Dave: And as you see that mail come through, you might get a domain or a particular site that you want to get to, you can block at a higher level, that way all users won’t get that. But on average, I’ve been at this for a while, I get about 400 in my junk mail a day. But you need to be smart when something comes in, you need to add it to the list that shouldn’t be there so you don’t see it again. It’s just like your mail, it takes time. It’s hard to deal with it, but it’s our job to minimize the risk and get those employees working more.
Mike: You know at one point I enjoyed email. At this point of my life, I don’t know how, I have a little bit less of an agreement with email now.
Dave: Just like texting right now.
Mike: It’s unbelievable how much junk and spam comes through.
Steve: And then the stuff that comes through is just like a memo, it’s do I need that? Uh!

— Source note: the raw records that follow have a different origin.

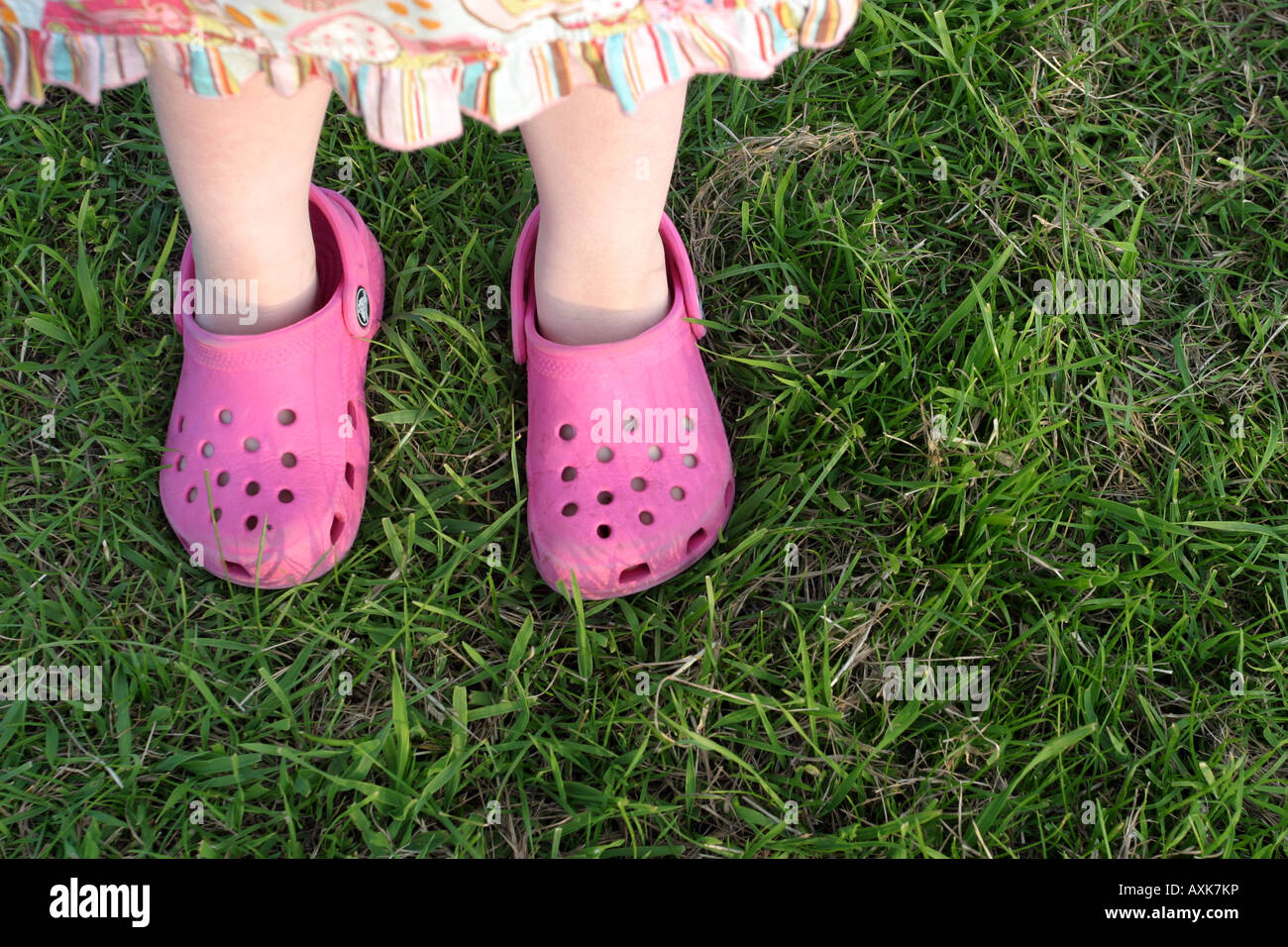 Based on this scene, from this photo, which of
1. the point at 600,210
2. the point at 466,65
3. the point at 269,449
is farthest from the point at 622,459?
the point at 466,65

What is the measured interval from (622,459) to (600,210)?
35cm

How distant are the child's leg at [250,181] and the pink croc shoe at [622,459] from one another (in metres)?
0.31

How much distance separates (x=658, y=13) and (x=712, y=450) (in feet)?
2.32

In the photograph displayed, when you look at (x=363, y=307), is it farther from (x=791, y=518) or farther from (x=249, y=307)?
(x=791, y=518)

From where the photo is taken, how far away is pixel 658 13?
0.78 metres

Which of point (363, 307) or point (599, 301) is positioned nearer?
point (599, 301)

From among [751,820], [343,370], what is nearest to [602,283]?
[343,370]

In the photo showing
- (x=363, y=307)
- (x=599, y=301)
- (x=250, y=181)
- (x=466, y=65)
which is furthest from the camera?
(x=363, y=307)

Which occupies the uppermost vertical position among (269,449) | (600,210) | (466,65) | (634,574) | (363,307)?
(466,65)

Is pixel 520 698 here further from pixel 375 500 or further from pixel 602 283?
pixel 602 283

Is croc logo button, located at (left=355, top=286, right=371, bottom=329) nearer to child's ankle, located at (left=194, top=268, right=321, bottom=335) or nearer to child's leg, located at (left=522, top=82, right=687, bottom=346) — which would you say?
child's ankle, located at (left=194, top=268, right=321, bottom=335)

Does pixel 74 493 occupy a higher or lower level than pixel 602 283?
lower

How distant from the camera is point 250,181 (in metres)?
1.13

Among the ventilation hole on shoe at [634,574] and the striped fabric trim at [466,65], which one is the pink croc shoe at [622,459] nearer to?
the ventilation hole on shoe at [634,574] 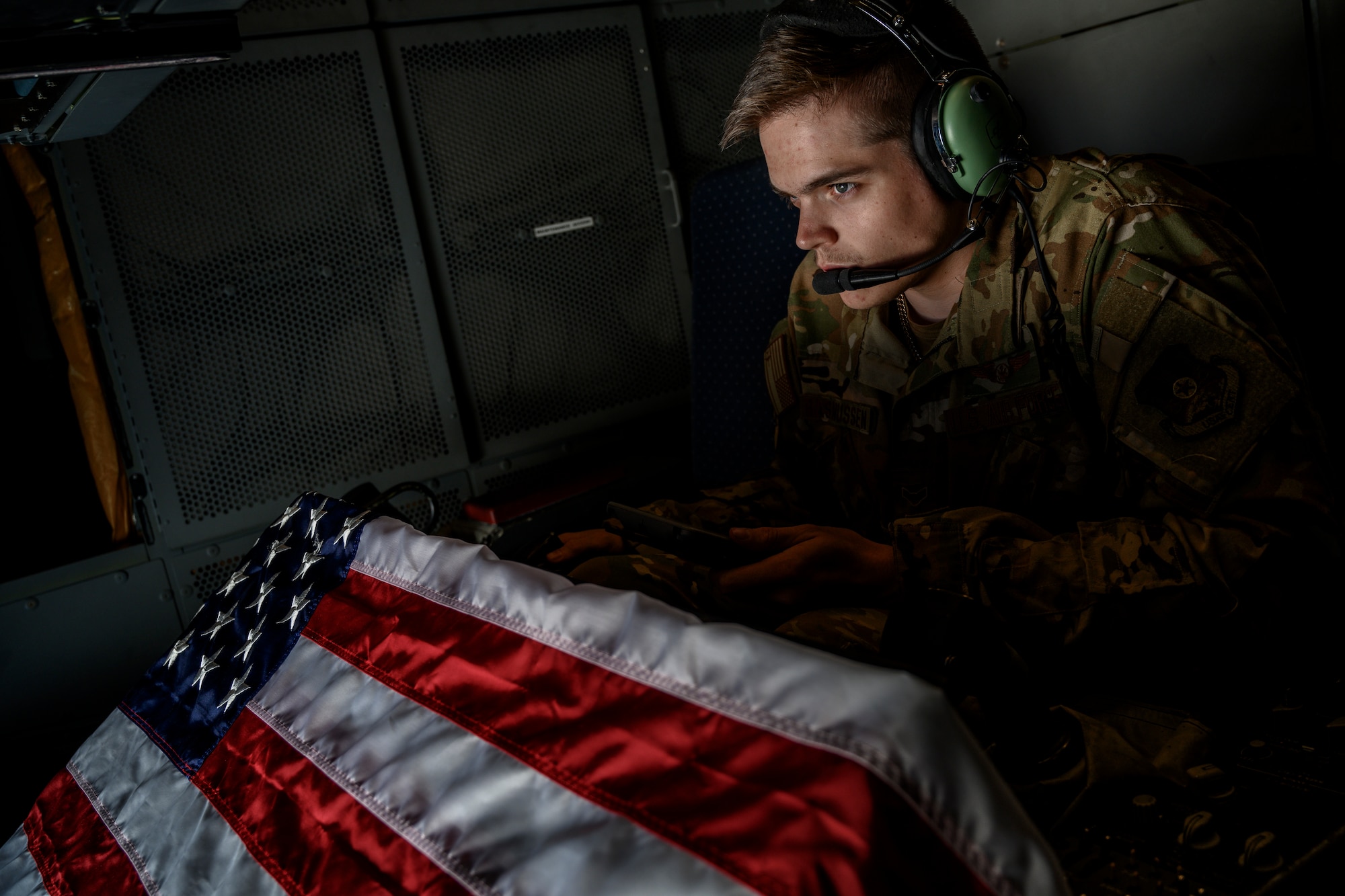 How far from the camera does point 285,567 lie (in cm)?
119

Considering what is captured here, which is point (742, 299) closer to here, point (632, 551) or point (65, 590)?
point (632, 551)

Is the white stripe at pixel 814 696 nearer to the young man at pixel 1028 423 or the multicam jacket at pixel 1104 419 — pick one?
the young man at pixel 1028 423

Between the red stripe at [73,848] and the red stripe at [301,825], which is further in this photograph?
the red stripe at [73,848]

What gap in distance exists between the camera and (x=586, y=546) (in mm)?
1158

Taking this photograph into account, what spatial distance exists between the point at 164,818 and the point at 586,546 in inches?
21.7

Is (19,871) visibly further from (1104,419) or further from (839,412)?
(1104,419)

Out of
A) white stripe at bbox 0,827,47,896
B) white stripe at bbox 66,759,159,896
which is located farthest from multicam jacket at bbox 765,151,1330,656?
white stripe at bbox 0,827,47,896

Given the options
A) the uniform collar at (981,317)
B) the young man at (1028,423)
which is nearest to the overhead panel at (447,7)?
the young man at (1028,423)

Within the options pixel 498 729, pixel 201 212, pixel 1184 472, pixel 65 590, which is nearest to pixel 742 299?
pixel 1184 472

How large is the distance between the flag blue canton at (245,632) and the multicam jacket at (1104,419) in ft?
2.38

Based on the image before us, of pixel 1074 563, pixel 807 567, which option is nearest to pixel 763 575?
pixel 807 567

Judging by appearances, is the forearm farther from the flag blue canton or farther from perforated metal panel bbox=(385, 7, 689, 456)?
perforated metal panel bbox=(385, 7, 689, 456)

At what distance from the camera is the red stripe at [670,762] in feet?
1.68

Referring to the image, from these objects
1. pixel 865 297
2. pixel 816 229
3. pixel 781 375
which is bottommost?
pixel 781 375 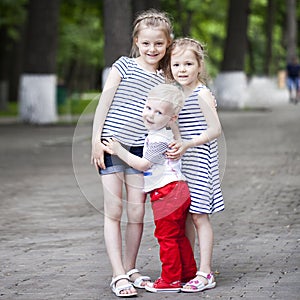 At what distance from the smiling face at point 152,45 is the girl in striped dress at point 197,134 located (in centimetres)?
7

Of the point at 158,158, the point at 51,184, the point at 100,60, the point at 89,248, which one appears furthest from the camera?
the point at 100,60

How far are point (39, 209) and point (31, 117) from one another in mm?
18051

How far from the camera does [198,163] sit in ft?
22.3

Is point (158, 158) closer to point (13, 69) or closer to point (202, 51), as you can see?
point (202, 51)

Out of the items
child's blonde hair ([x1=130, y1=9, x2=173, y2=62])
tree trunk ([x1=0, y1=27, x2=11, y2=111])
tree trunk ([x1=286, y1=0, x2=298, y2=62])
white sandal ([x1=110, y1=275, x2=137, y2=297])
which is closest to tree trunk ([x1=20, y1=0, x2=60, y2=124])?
tree trunk ([x1=0, y1=27, x2=11, y2=111])

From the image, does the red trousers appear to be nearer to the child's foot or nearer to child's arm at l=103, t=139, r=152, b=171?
the child's foot

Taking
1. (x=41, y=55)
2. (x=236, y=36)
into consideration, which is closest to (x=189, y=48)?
(x=41, y=55)

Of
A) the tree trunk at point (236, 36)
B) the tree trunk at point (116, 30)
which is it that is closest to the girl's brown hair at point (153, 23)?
the tree trunk at point (116, 30)

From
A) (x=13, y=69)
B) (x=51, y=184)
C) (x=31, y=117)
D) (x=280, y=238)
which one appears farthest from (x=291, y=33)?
(x=280, y=238)

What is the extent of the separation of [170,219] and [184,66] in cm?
95

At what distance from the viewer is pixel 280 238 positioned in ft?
29.1

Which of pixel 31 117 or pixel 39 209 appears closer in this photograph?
pixel 39 209

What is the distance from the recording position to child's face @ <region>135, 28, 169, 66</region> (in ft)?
22.2

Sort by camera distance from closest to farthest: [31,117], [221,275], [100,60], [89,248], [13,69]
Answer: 1. [221,275]
2. [89,248]
3. [31,117]
4. [13,69]
5. [100,60] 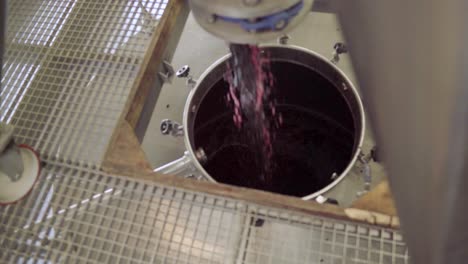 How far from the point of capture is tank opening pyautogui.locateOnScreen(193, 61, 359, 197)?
3.72 ft

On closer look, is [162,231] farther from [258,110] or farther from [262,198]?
[258,110]

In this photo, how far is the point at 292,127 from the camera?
126 cm

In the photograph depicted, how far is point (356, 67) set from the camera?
0.79 feet

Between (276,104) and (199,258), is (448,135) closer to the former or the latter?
(199,258)

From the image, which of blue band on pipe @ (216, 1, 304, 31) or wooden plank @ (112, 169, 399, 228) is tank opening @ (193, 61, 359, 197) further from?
blue band on pipe @ (216, 1, 304, 31)

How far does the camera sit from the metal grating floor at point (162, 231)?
59 cm

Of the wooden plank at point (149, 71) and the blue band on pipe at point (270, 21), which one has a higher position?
the blue band on pipe at point (270, 21)

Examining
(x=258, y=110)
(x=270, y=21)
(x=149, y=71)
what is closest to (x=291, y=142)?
(x=258, y=110)

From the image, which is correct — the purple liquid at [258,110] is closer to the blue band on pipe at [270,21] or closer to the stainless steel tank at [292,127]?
the stainless steel tank at [292,127]

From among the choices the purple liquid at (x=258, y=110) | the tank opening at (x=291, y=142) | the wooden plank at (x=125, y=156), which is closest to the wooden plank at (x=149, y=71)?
the wooden plank at (x=125, y=156)

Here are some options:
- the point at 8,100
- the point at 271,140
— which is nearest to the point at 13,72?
the point at 8,100

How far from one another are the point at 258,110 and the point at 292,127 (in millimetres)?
162

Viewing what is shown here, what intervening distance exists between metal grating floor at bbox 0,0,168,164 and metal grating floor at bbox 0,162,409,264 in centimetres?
8

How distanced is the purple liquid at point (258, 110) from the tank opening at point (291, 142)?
0.02 meters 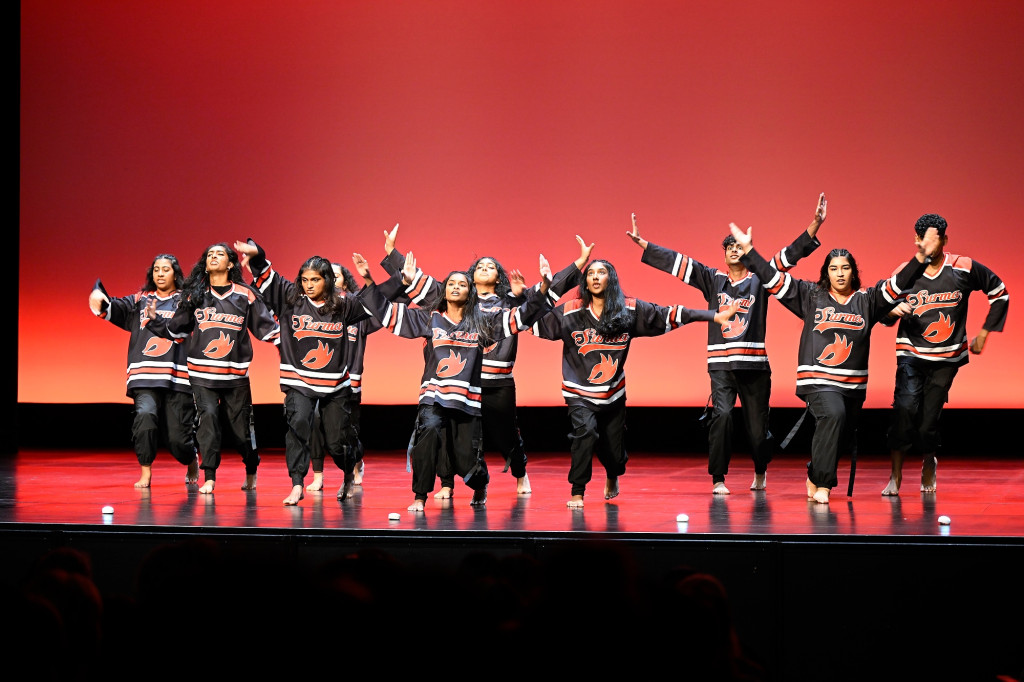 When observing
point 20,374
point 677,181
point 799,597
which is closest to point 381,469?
point 677,181

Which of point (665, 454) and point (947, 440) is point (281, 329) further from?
point (947, 440)

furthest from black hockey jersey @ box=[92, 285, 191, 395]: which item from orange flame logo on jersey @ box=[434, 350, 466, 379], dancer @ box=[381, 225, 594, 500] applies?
orange flame logo on jersey @ box=[434, 350, 466, 379]

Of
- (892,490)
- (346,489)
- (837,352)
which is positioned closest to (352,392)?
(346,489)

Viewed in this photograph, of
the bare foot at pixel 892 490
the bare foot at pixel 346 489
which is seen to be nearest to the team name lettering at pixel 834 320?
the bare foot at pixel 892 490

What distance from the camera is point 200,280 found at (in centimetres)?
646

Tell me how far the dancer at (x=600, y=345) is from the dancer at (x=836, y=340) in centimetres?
47

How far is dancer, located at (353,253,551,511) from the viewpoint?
5.41 meters

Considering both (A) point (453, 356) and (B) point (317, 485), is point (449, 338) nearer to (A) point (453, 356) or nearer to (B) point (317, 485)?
(A) point (453, 356)

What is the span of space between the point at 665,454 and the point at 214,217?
4275 millimetres

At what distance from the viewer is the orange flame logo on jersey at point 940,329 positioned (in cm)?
603

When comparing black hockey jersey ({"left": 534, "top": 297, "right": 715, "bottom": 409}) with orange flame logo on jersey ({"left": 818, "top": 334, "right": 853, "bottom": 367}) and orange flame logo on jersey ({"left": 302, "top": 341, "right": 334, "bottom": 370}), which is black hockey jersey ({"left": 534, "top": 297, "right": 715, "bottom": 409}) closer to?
orange flame logo on jersey ({"left": 818, "top": 334, "right": 853, "bottom": 367})

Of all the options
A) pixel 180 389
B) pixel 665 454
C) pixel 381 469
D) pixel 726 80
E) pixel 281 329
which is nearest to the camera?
pixel 281 329

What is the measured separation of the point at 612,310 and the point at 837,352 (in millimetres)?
1196

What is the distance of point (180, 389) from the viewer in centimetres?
671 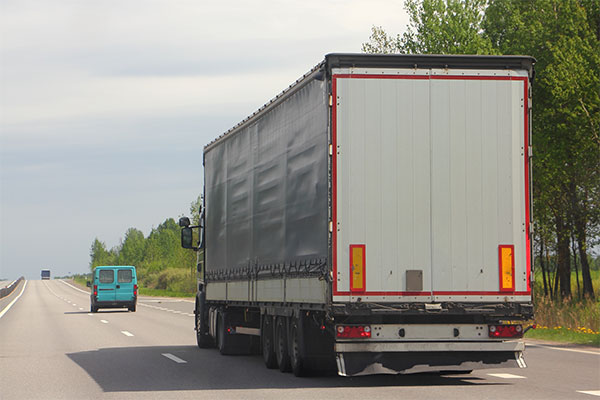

Mike: Good point, good point. Hey thanks guys for coming in Security 101 with Steve and Dave, cyber security experts Dave Hodgdon and Steve Ripper from the Portsmouth Computer Group on Tech Tuesday. They’re going to join us for the next couple of Tuesdays mornings at about 7:40 or so. Thanks for the information. Let’s pass out the website for PCG as well.
Dave: Our pleasure. Please contact us at any time. Our phone number is 603-431-4121 or visit our website at pcgit.com. We’re here to help you.
Mike: All right. Thank you, Steve. Thank you, Dave. Good to see you guys.